Tout d'abord il a fallu établir des statistiques dans le texte anglais et dans la traduction, ce qui a donné les résultats suivants:

Occurrences de relatives introduites par which: 42

Traductions par relative: 17

Traductions obliques: 25

Ce qui signifie que plus de la moitié des relatives du texte anglais n'est pas traduite par des relatives. Par ailleurs, l'analyse de ces résultats pose des problèmes de terminologie et de méthode: on notera que je n'ai pas utilisé l'appellation de traduction littérale pour désigner l'ensemble des relatives traduites par des relatives; pourquoi? Parce qu'elle se révèle inadéquate pour rendre compte véritablement du phénomène observé: certaines sont vraiment littérales parce qu'elles ont la même syntaxe, alors que d'autres ont une syntaxe interne modifiée, j'utilise donc le terme de "traduction mimétique» pour désigner la traduction d'une relative par relative; à l'intérieur de cette catégorie, il y en a de littérale et d'autres qui ont une syntaxe aménagée. Par exemple:

- traduction mimétique aménagée a minima, pour des raisons qui tiennent aux spécificités des langues, dans la phrase suivante le passage du passif à l'actif à l'intérieur de la relative:

He took them up into a loft which could only be reached by a ladder [Orwell: 32].

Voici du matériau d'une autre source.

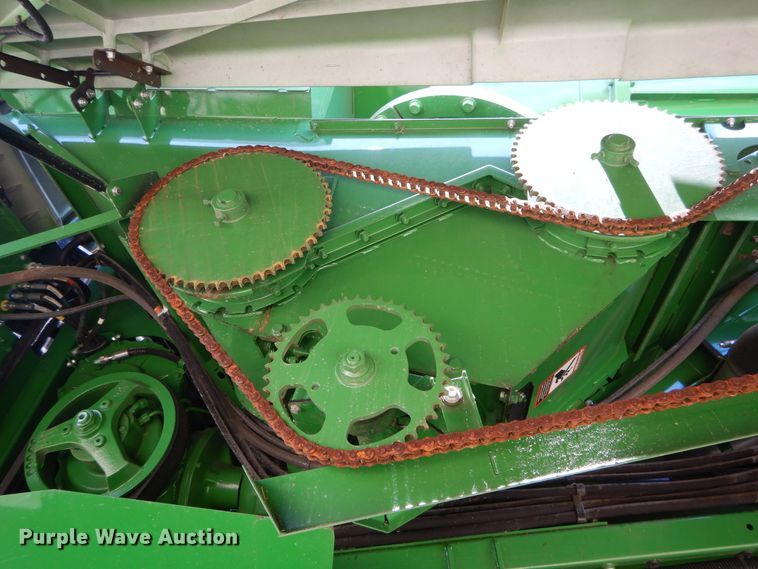 image for item DC0235 2015 John Deere S670 STS RWA combine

Il les remisa dans un grenier où l'on n'accédait que par une échelle [Quéval: 41]

- traduction mimétique aménagée pour des raisons stylistiques diverses, elle s'éloigne davantage du littéralisme et fait intervenir la créativité:

You cows that I see before me, how many thousands of gallons of milk have you given during this last year? And what has happened to that milk which should have been breeding up sturdy calves? [Orwell: 9]. // Vous, les vaches là devant moi, combien de centaines d'hectolitres de lait n'avez-vous pas produit l'année dernière? Et qu'est-il advenu de ce lait qui vous aurait permis d'élever vos petits, de leur donner force et vigueur? [Quéval: 13].

La traduction littérale (pratiquée par rapport à une traduction aménagée ou oblique) est un auxiliaire d'évaluation en traductologie réaliste, elle permet d'évaluer la nécessité des 'écarts' de la traduction réalisée; voici une proposition de traduction littérale:

Et qu'est-il advenu de ce lait qui aurait dû produire des veaux vigoureux?

Le choix du traducteur, ici, a été de modifier l'écriture de la relative en lui donnant un tour moins impersonnel qu'en anglais où le procès ("élever") est envisagé uniquement par rapport au "lait", qui est le sujet: en introduisant le pronom "vous" et le possessif "vos", Jean Quéval accentue la fonction incitative de la question posée par Old Major, en favorisant le point de vue des vaches comme mères.

On notera qu'à ce stade je fais intervenir une notion étrangère à la linguistique, à savoir la notion d'écriture, qui est à la langue dans l'écrit ce que la parole est à langue dans l'oral. L'écriture est l'action de produire du discours écrit en vue de constituer un texte et en la matière (qui est l'agencement des éléments de la langue), les choix personnels sont aussi importants que les règles de la langue et du discours.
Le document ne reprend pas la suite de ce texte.